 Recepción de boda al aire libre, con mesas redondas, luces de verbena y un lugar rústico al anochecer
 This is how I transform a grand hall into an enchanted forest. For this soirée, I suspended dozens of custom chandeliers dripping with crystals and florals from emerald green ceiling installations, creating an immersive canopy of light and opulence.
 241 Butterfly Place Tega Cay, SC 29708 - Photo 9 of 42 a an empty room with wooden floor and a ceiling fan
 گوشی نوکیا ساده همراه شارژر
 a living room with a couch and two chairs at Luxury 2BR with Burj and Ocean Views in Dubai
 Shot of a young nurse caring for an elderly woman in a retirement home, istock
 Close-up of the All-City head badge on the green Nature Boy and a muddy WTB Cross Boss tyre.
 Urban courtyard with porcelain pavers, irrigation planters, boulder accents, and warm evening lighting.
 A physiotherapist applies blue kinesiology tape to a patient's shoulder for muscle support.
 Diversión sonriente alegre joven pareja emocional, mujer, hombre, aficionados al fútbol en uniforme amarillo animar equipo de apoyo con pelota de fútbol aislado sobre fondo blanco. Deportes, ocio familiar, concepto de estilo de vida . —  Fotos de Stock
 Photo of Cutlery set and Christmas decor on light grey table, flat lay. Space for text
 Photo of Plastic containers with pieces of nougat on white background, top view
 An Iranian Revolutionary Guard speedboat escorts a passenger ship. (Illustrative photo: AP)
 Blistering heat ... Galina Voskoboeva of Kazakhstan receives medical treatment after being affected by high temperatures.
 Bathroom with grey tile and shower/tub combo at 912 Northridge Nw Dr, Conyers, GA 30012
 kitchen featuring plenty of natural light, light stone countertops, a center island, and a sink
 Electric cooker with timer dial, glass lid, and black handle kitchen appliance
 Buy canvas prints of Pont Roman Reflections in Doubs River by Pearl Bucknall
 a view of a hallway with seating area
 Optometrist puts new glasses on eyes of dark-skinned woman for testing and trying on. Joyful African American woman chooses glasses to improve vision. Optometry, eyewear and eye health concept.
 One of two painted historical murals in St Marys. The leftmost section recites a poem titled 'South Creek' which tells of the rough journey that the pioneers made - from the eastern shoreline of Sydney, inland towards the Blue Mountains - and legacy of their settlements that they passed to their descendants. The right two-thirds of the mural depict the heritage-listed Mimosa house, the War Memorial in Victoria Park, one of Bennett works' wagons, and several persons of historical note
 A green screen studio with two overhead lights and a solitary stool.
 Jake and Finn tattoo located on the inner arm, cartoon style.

_ _ _ _ _

== DIRECTIONS ==
Going down the listing above, begin printing at the line with "Diversión sonriente alegre" and finish with the line with "An Iranian Revolutionary", exactly as they appear.

== ANSWER FOR THIS EXERCISE ==
 Diversión sonriente alegre joven pareja emocional, mujer, hombre, aficionados al fútbol en uniforme amarillo animar equipo de apoyo con pelota de fútbol aislado sobre fondo blanco. Deportes, ocio familiar, concepto de estilo de vida . —  Fotos de Stock
 Photo of Cutlery set and Christmas decor on light grey table, flat lay. Space for text
 Photo of Plastic containers with pieces of nougat on white background, top view
 An Iranian Revolutionary Guard speedboat escorts a passenger ship. (Illustrative photo: AP)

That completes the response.